Storms and other severe weather events can cause both public health and economic problems for communities and municipalities. Many severe events can result in fatalities, injuries, and property damage, and preventing such outcomes to the extent possible is a key concern.
This project involves exploring the U.S. National Oceanic and Atmospheric Administration’s (NOAA) storm database.

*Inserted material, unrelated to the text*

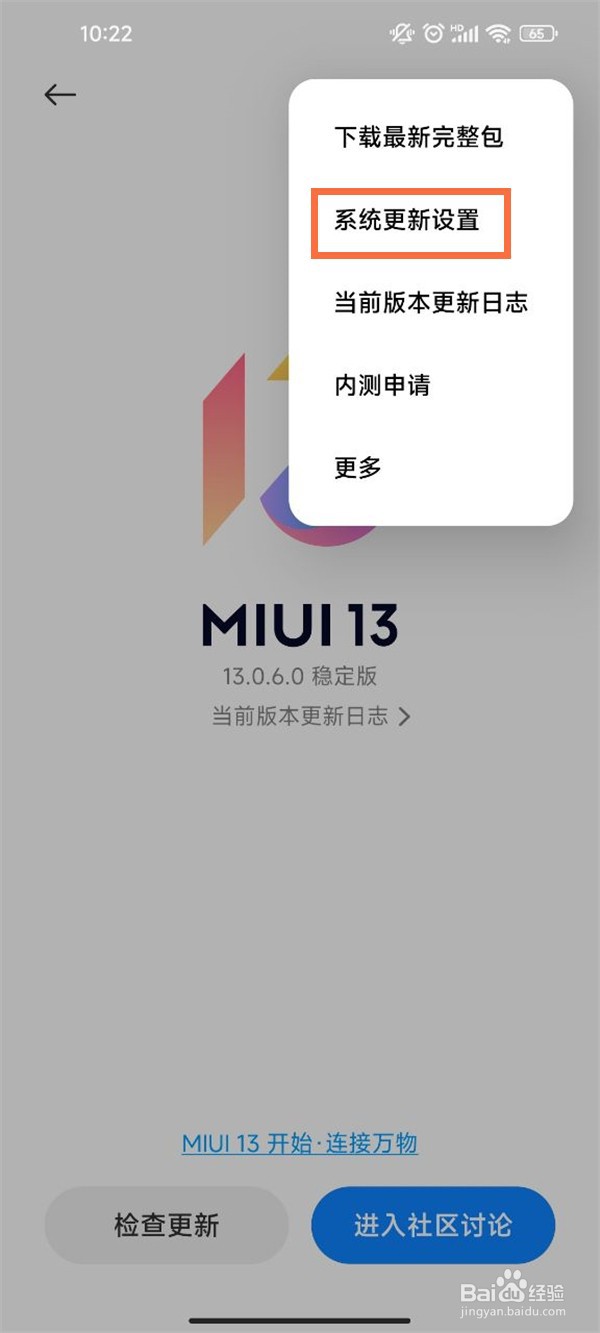 小米10青春版怎么取消系统自动更新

This database tracks characteristics of major storms and weather events in the United States, including when and where they occur, as well as estimates of any fatalities, injuries, and property damage.
The data for this assignment come in the form of a comma-separated-value file compressed via the bzip2 algorithm to reduce its size. You can download the file from the course web site:
There is also some documentation of the database available. Here you will find how some of the variables are constructed/defined.

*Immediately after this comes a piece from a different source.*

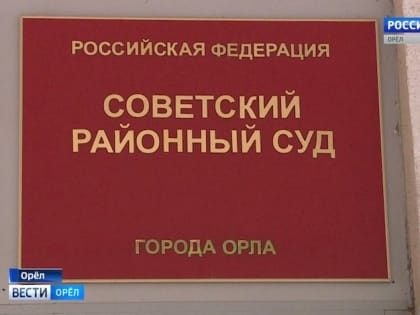 В Орловской области по обвинению в телефонном мошенничестве осудят пять человек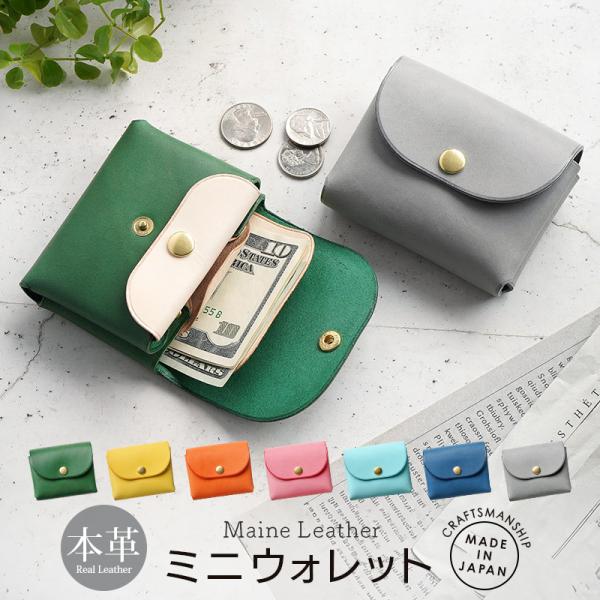 小さい財布 革 イタリアンレザー ミニウォレット お札入れ お札が折れない 財布 お札折らない財布 ...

The events in the database start in the year 1950 and end in November 2011. In the earlier years of the database there are generally fewer events recorded, most likely due to a lack of good records. More recent years should be considered more complete.
Data were downloaded according to the job specifications. The original base had to undergo some changes in the EVTYPE variable as there were subclassifications (11379 lines in total) and therefore were tuned to the top rank, resulting in 742 unique groups. Under these conditions the major fatalities and injuries are highlighted for TORNADO, TSTM WIND, LIGHTNING, FLOOD and EXCESSIVE HEAT. To assess the damage, the units were adjusted to the same order of magnitude, concluding that FLOOD, HURRICANE, TORNADO, STORM SURGE and HAIL are the ones that caused the greatest financial impact on the United States at all times. All details as in the tables, graphs and comments that follow in this document.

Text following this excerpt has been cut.